◆ Exercise instructions:
Each entry below should be retyped exactly, with nothing omitted.

◆ Information shown:

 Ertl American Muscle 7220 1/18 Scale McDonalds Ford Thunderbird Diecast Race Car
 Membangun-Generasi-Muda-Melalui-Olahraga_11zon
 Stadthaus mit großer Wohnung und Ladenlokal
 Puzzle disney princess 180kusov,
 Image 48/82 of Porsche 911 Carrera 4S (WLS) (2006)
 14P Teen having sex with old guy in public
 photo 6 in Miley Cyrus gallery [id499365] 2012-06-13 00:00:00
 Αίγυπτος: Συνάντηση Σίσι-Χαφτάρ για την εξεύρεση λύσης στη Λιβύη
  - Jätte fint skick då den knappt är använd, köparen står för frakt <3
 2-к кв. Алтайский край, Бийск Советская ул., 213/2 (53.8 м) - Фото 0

◆ The completed task:
 Ertl American Muscle 7220 1/18 Scale McDonalds Ford Thunderbird Diecast Race Car
 Membangun-Generasi-Muda-Melalui-Olahraga_11zon
 Stadthaus mit großer Wohnung und Ladenlokal
 Puzzle disney princess 180kusov,
 Image 48/82 of Porsche 911 Carrera 4S (WLS) (2006)
 14P Teen having sex with old guy in public
 photo 6 in Miley Cyrus gallery [id499365] 2012-06-13 00:00:00
 Αίγυπτος: Συνάντηση Σίσι-Χαφτάρ για την εξεύρεση λύσης στη Λιβύη
  - Jätte fint skick då den knappt är använd, köparen står för frakt <3
 2-к кв. Алтайский край, Бийск Советская ул., 213/2 (53.8 м) - Фото 0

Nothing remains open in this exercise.